I really did not enjoy this at all. I forced myself to finish it for a few reasons: 1) It was the first book of the year and I didn't want to start out by abandoning it. 2) I bought it, so I felt some level of financial investment. Funny how that works. And 3) It was short.
Briefly, this is a fictional memoir of a Civil War era woman from the south, who marries a doctor from Boston. Her "family" includes the slave woman Clarice, who is really the central character, and the only character with any real complexity.
I find Kaye Gibbons to be a really erratic writer. Charms for the Easy Life is a wonderful book, and I also loved Sights Unseen. I have never been able to finish anything else by her. By erratic I don’t mean the quality, but rather the subject matter. Ellen Foster, a book I abandoned in horror, was so bleak and disturbing that I just couldn't read it. This book wasn't quite on that level, and I found some parts interesting, but mostly I was depressed and disgusted by the violent father, Samuel Tate, whose influence pervades the book.
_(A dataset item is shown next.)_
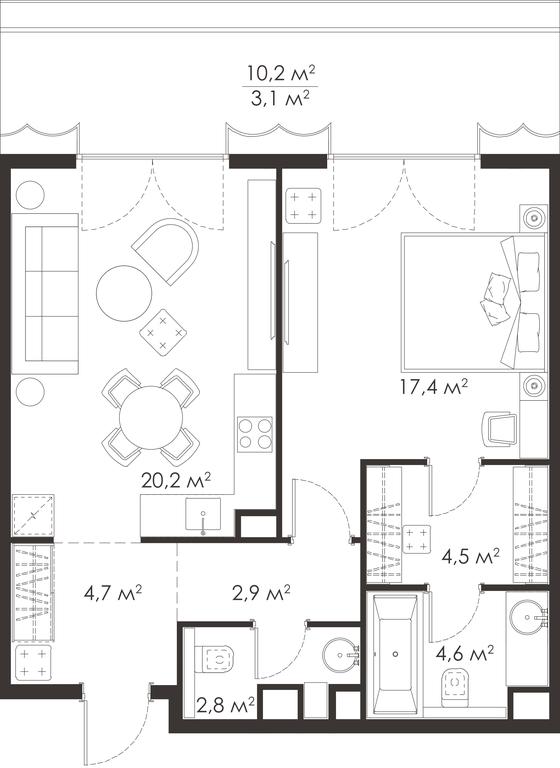 1-BD Apartment Sale, 60.2 sq. m. at King & Sons, Mosfilmovskaya Street, 31А, Moscow, Russia #1 1-BD Apartment Sale, 60.2 sq. m. at King & Sons, Mosfilmovskaya Street, 31А, Moscow, Russia #1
I also didn't enjoy the writing style, which some reviewers describe as "poetic" but which I found overly flowery and circuitous. Gibbons is obviously making an effort to write as a late 19th century woman would write, but it didn't work for me, and instead just distracted me from the rest of the story. Sometimes, in fact, the obliqueness of the style prevented me from exactly understanding what was going on.
So, an inauspicious beginning to my reading year.